Entries shown START
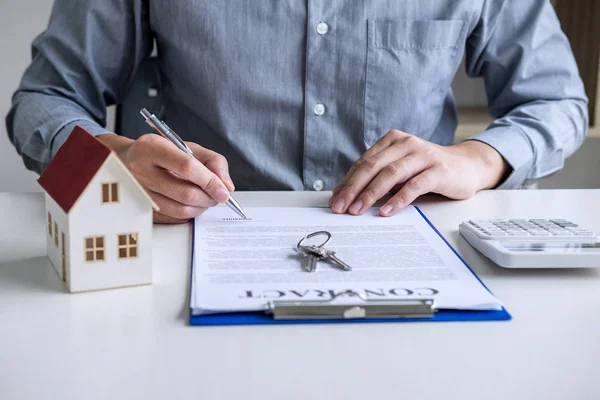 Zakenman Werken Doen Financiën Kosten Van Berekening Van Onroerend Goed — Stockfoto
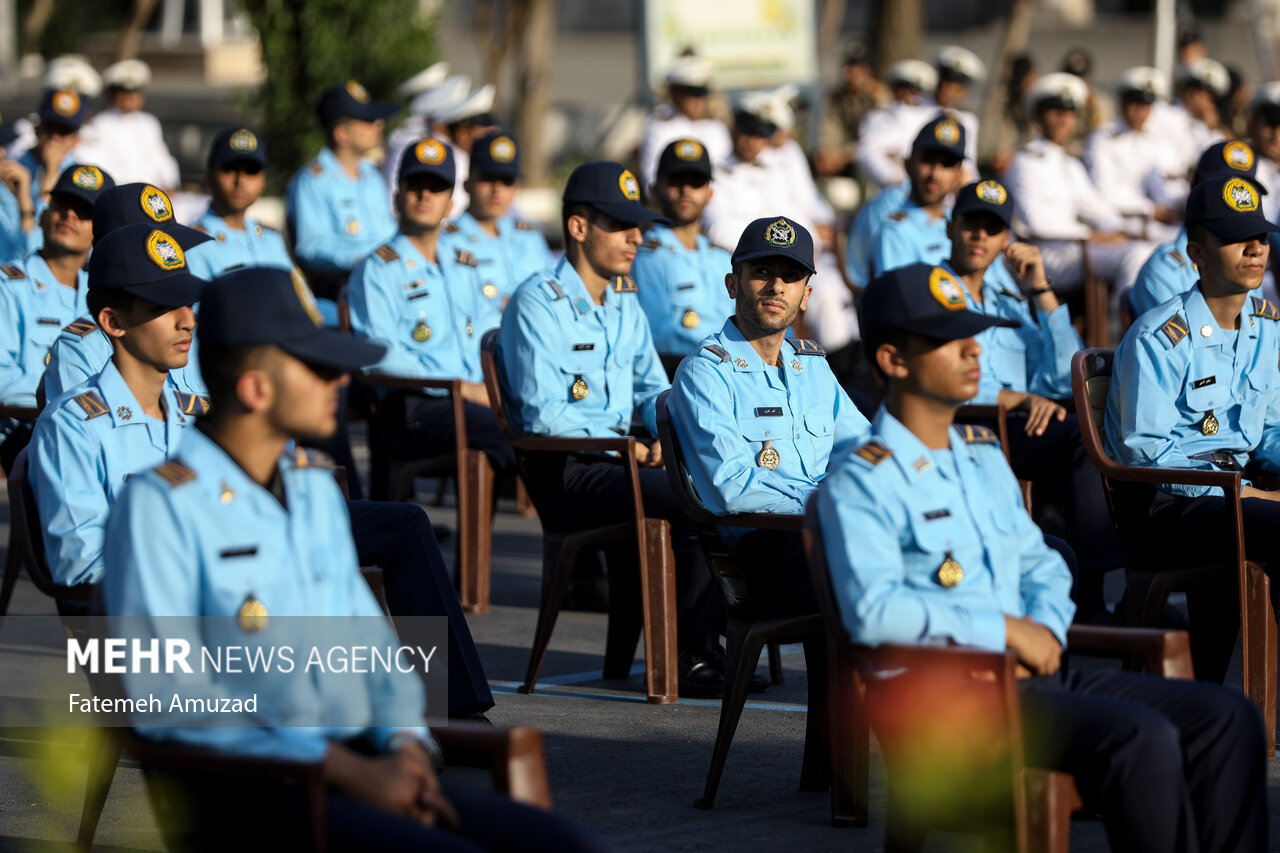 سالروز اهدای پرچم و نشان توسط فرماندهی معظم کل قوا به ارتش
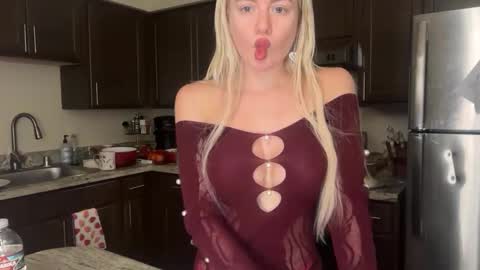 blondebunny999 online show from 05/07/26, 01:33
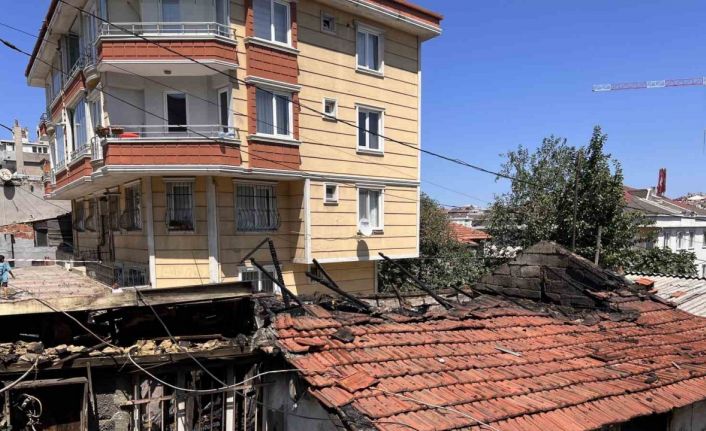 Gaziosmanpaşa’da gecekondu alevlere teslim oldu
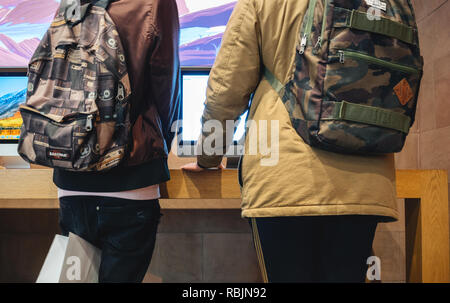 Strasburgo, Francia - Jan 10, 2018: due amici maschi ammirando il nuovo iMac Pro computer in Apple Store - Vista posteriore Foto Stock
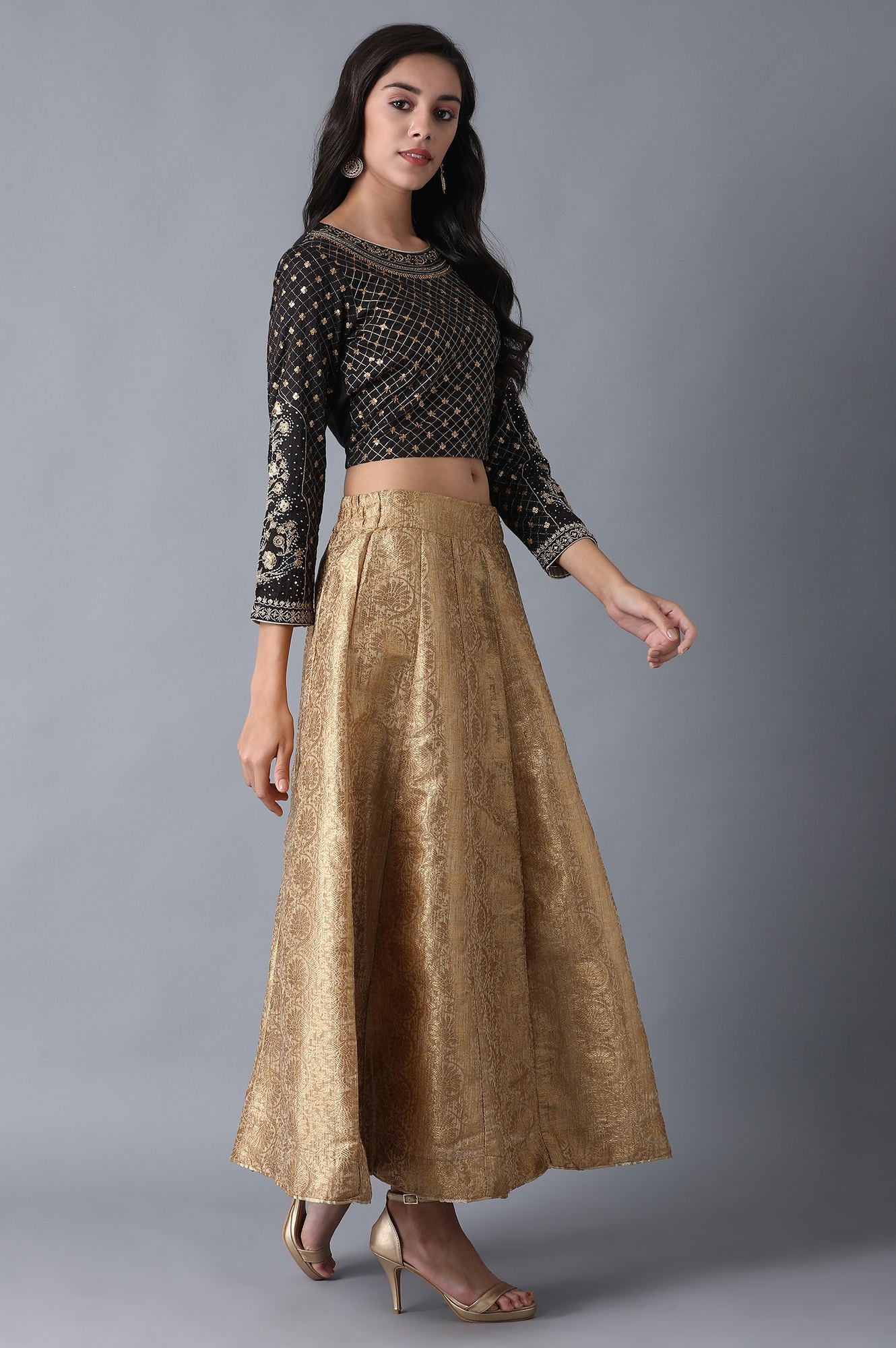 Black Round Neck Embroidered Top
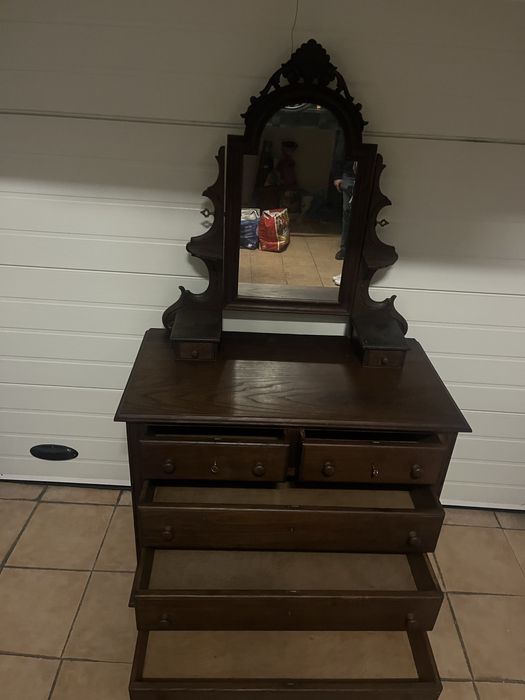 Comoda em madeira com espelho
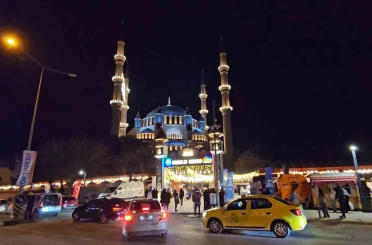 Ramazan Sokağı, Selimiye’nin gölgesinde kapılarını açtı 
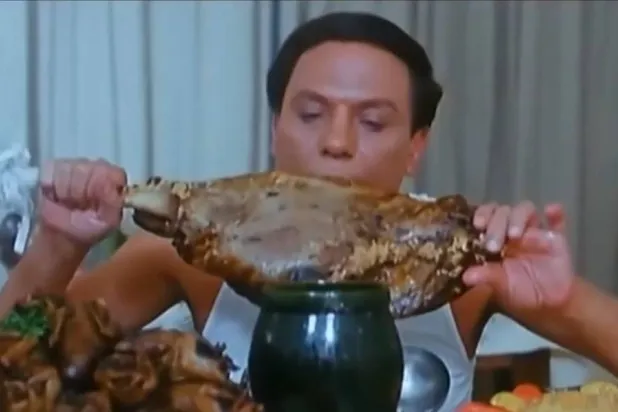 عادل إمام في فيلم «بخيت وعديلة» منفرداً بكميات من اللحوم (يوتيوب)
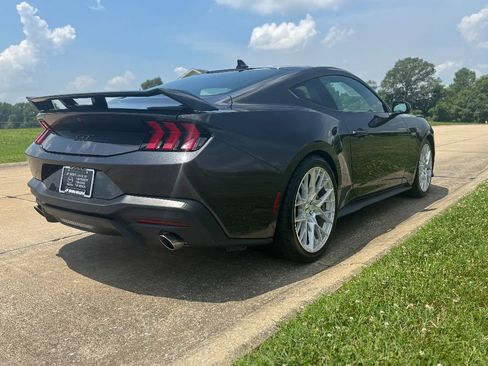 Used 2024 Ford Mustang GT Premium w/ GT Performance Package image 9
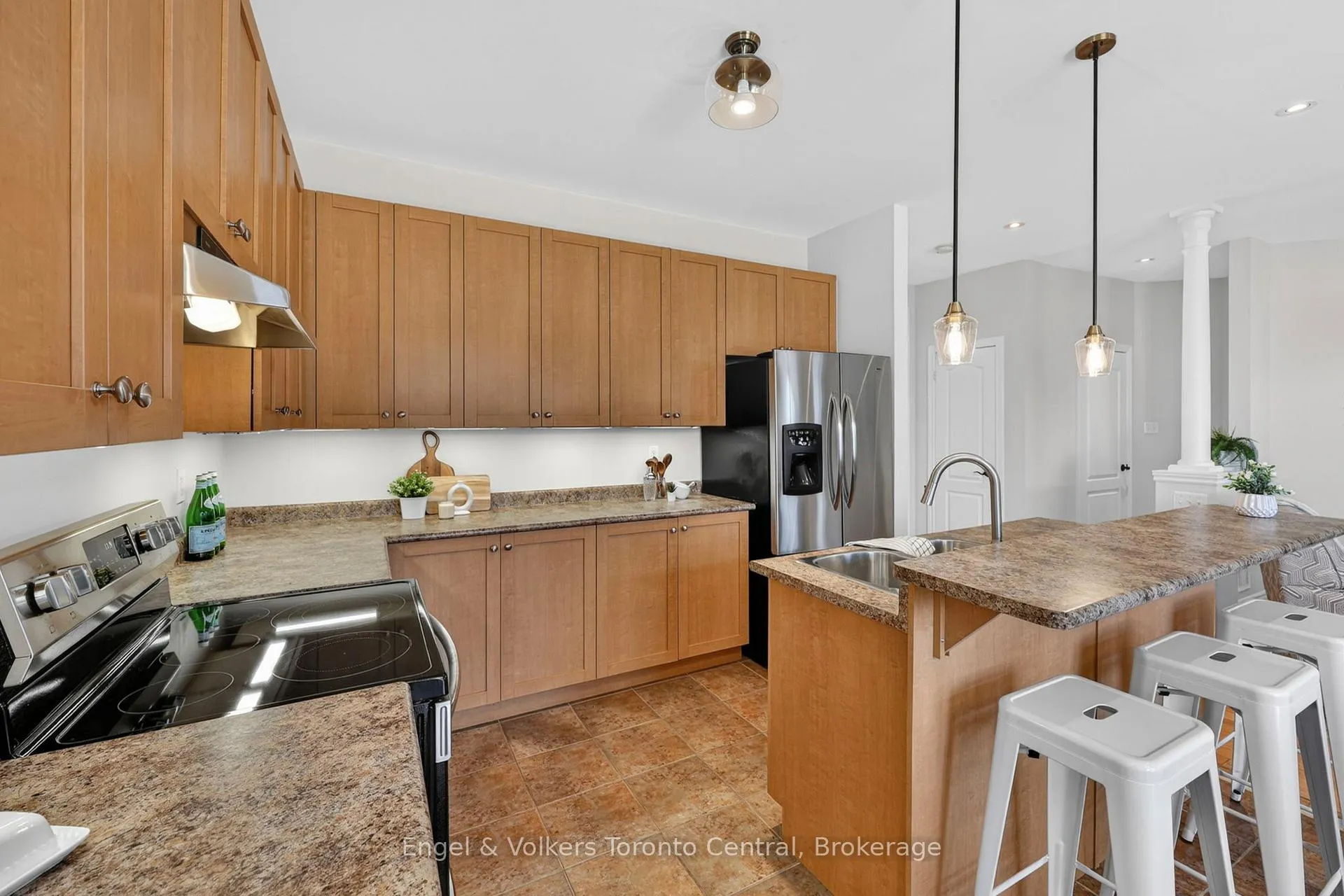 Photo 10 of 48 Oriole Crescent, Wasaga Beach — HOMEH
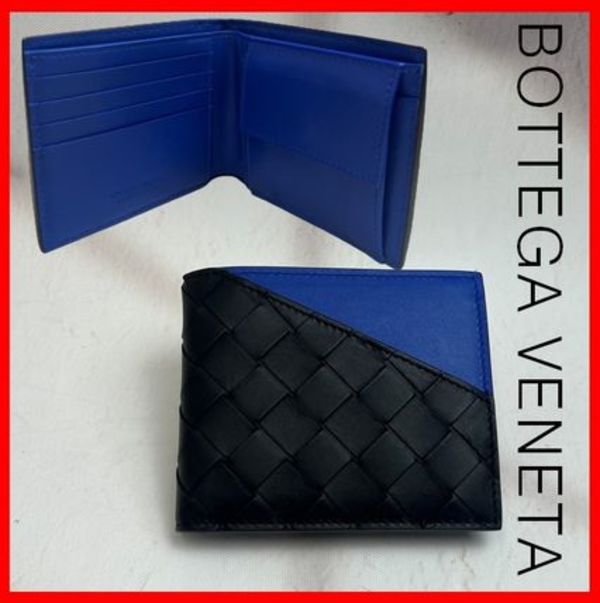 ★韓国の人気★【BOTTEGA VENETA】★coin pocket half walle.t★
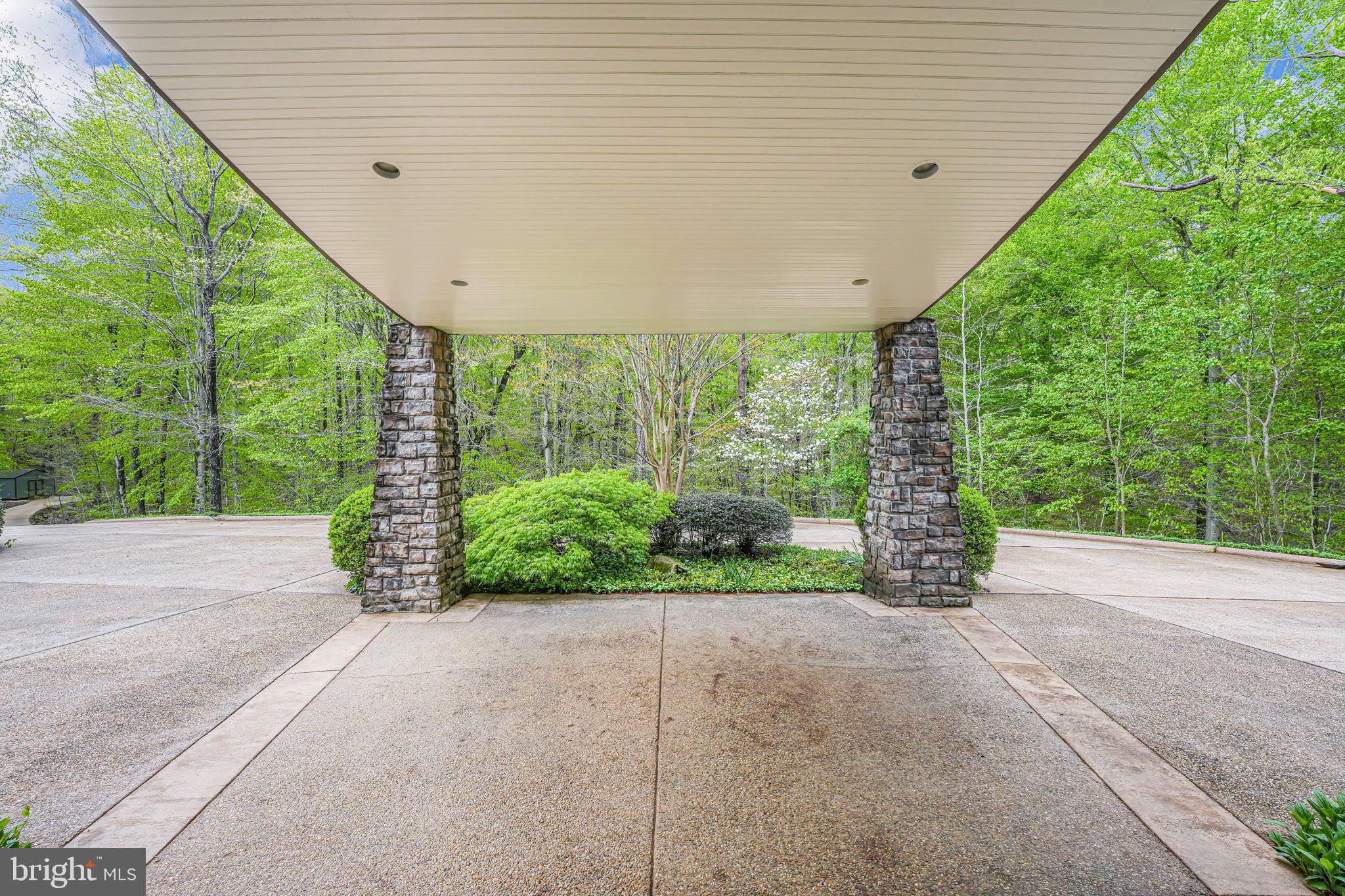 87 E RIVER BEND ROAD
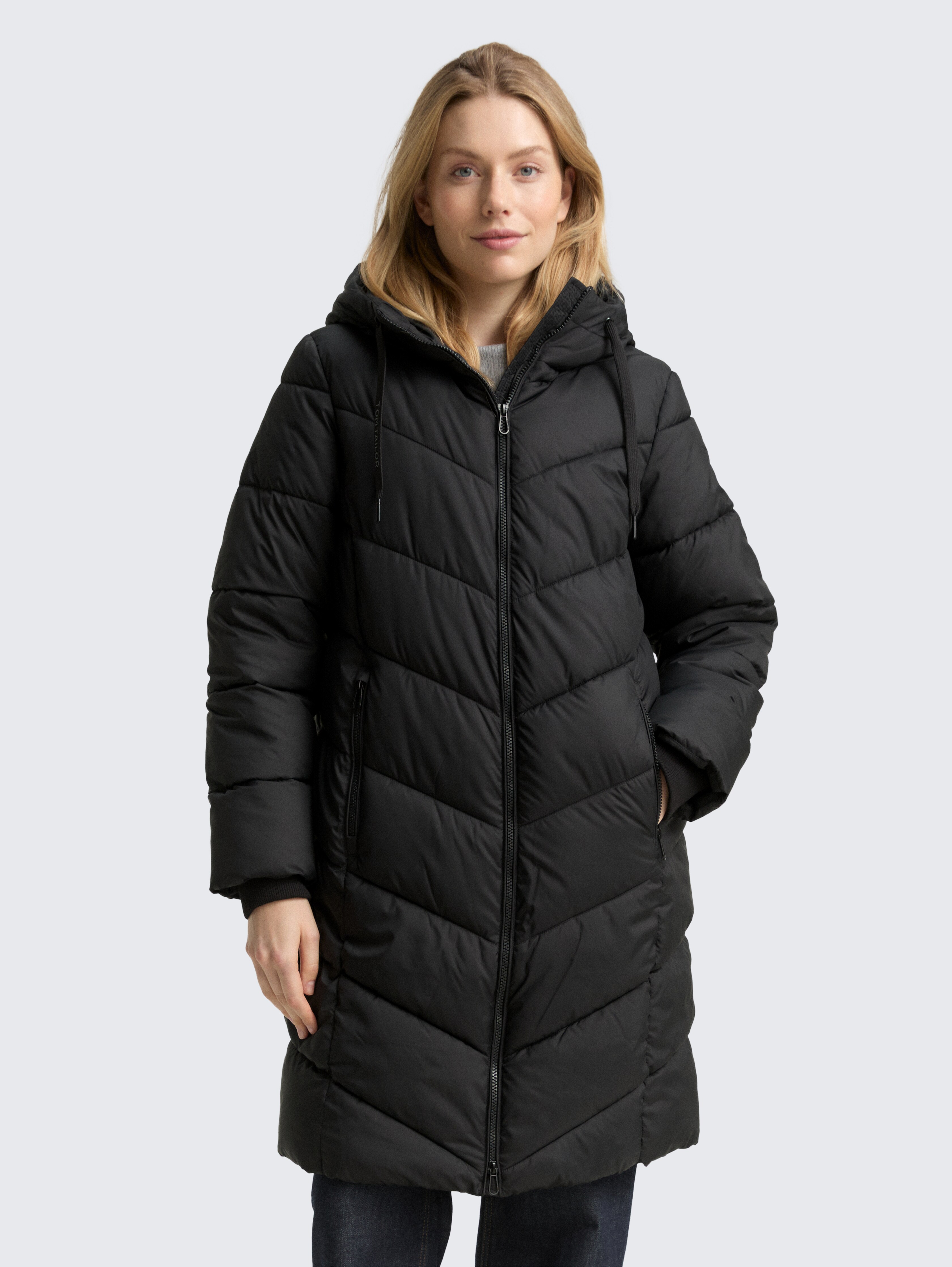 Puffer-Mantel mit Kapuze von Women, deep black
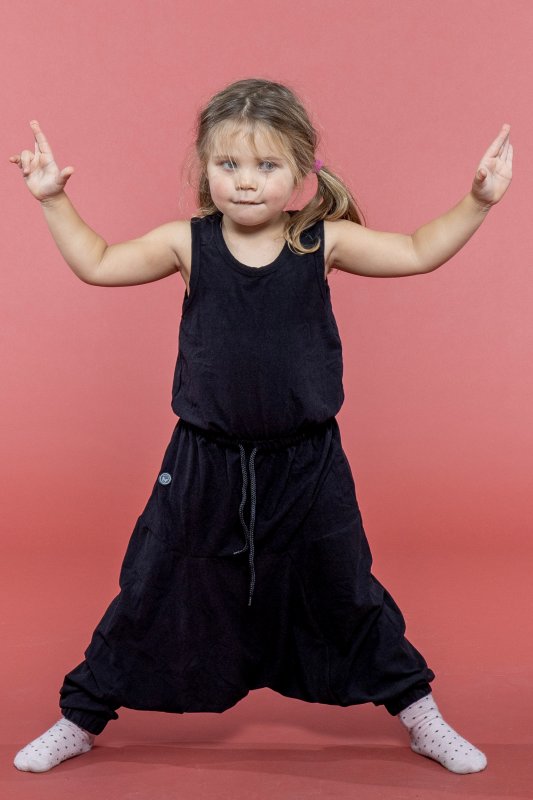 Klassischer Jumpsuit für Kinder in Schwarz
Entries shown END
__Exercise directions__: Write out the records above exactly. Begin with the first line, end with the line holding "Ramazan Sokağı, Selimiye’nin", and drop the pictures.

__Written answer__:
 Zakenman Werken Doen Financiën Kosten Van Berekening Van Onroerend Goed — Stockfoto
 سالروز اهدای پرچم و نشان توسط فرماندهی معظم کل قوا به ارتش
 blondebunny999 online show from 05/07/26, 01:33
 Gaziosmanpaşa’da gecekondu alevlere teslim oldu
 Strasburgo, Francia - Jan 10, 2018: due amici maschi ammirando il nuovo iMac Pro computer in Apple Store - Vista posteriore Foto Stock
 Black Round Neck Embroidered Top
 Comoda em madeira com espelho
 Ramazan Sokağı, Selimiye’nin gölgesinde kapılarını açtı 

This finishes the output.